First, we load the RVC data which are stored as a single consolidated dataset.

Next, we load the metadata containing sensor-specific information required for calibration and downstream processing.

The RVC dataframe is expected to contain the following columns, representing summary acceleration features, behavioral indicators, and identifiers:

| Time & ID | Acc (Max Peak-to-Peak) | Acc (Mean Peak-to-Peak) | Acc (Mean) |  Behavioral Labels |
|------|---------------------|---------------------|-------------------|-------------------|
| `UTC.time..yyyy.mm.dd.HH.MM.SS.` | `Max.accel.peak.X` | `Mean.accel.peak.X` | `Mean.accel.X` | `resting_binary` |
| `GPS.time..s.` | `Max.accel.peak.Y` | `Mean.accel.peak.Y` | `Mean.accel.Y` |`moving_binary` |
|  `id`| `Max.accel.peak.Z` | `Mean.accel.peak.Z` | `Mean.accel.Z` | `feeding_binary` |



The metadata dataframe is expected to contain the following columns:

| Identification | Timestamps | Hardware & Firmware | Calibration Parameters |
|---------------|---------------|---------------------|------------------------|
| `animal_id` | `start_date_dd_mm_yyyy` | `firmware_major_version` | `six_point_X` |
| `collar_number` | `end_date_dd_mm_yyyy` | `range` | `six_point_Y` |
|  | | | `six_point_Z` |
|  |  |  | `sensitivity_X` |
|  |  |  | `sensitivity_Y` |
|  |  |  | `sensitivity_Z` |
|  |  |  | `offset_X` |
|  |  |  | `offset_Y` |
|  |  |  | `offset_Z` |

In [None]:
# load RVC data
with open(config.RVC_PREPROCESSING_YAML) as f:
    RVC_preprocessing_config = yaml.safe_load(f)
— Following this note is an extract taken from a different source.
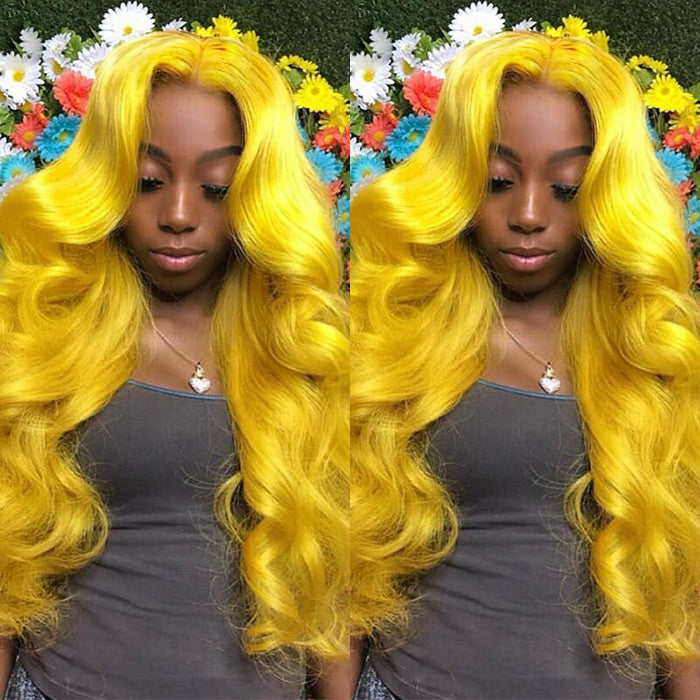 Yellow Colored Human Hair Wig HD  Lace Front Wigs Invisible Glueless Cosplay Wig For Women hermosahair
print("Loading the RVC data...")
RVC_df = pd.read_csv(config.RVC_ACC_ANNOTATED)
RVC_df['animal_id'] = RVC_df['id'].str.capitalize()
RVC_df["animal_id"] = RVC_df["animal_id"].apply(lambda x: x.upper() if x == 'Mj' else x)
RVC_df = RVC_df.rename(columns={'UTC.time..yyyy.mm.dd.HH.MM.SS.': 'UTC time [yyyy-mm-dd HH:MM:SS]',
                            'GPS.time..s.': 'GPS time', 
                            'Max.accel.peak.X': 'acc_x_ptp_max',
                            'Max.accel.peak.Y': 'acc_y_ptp_max',
                            'Max.accel.peak.Z': 'acc_z_ptp_max',
                            'Mean.accel.peak.X': 'acc_x_ptp_mean',
                            'Mean.accel.peak.Y': 'acc_y_ptp_mean',
                            'Mean.accel.peak.Z': 'acc_z_ptp_mean',
                            'Mean.accel.X': 'acc_x_mean',
                            'Mean.accel.Y': 'acc_y_mean',
                            'Mean.accel.Z': 'acc_z_mean'
                            })
RVC_df['UTC time [yyyy-mm-dd HH:MM:SS]'] = pd.to_datetime(RVC_df['UTC time [yyyy-mm-dd HH:MM:SS]'])
RVC_df = RVC_df.sort_values(by=['animal_id', 'UTC time [yyyy-mm-dd HH:MM:SS]'])
RVC_df['UTC date [yyyy-mm-dd]'] = RVC_df['UTC time [yyyy-mm-dd HH:MM:SS]'].dt.date
RVC_df = remove_duplicates(RVC_df)

# Load metadata_df
print("Loading the RVC metadata...")
metadata_df = pd.read_excel(io.get_RVC_merged_metadata_path())
metadata_df.start_date_dd_mm_yyyy = pd.to_datetime(metadata_df.start_date_dd_mm_yyyy, format='%d/%m/%Y')
metadata_df.end_date_dd_mm_yyyy = pd.to_datetime(metadata_df.end_date_dd_mm_yyyy, format='%d/%m/%Y')

Loading the RVC data...
Removed 0 duplicates.


Next, we calibrate the acceleration values according to the sensor specifications to convert all measurements into consistent units of gravitational acceleration (g). Following calibration, we apply range-based thresholding to remove values that fall outside the physically valid limits defined by the sensor specifications.


In [8]:
# Calibration
print("Calibrating the RVC data...")
RVC_df = calibrate_RVC_data(RVC_df, metadata_df)

# Thresholding
print("Thresholding the RVC data...")
RVC_df = threshold_RVC(RVC_df)
RVC_df['UTC date [yyyy-mm-dd]'] = pd.to_datetime(RVC_df['UTC date [yyyy-mm-dd]'])
RVC_df = RVC_df[RVC_df['UTC date [yyyy-mm-dd]'].dt.year >= 2000]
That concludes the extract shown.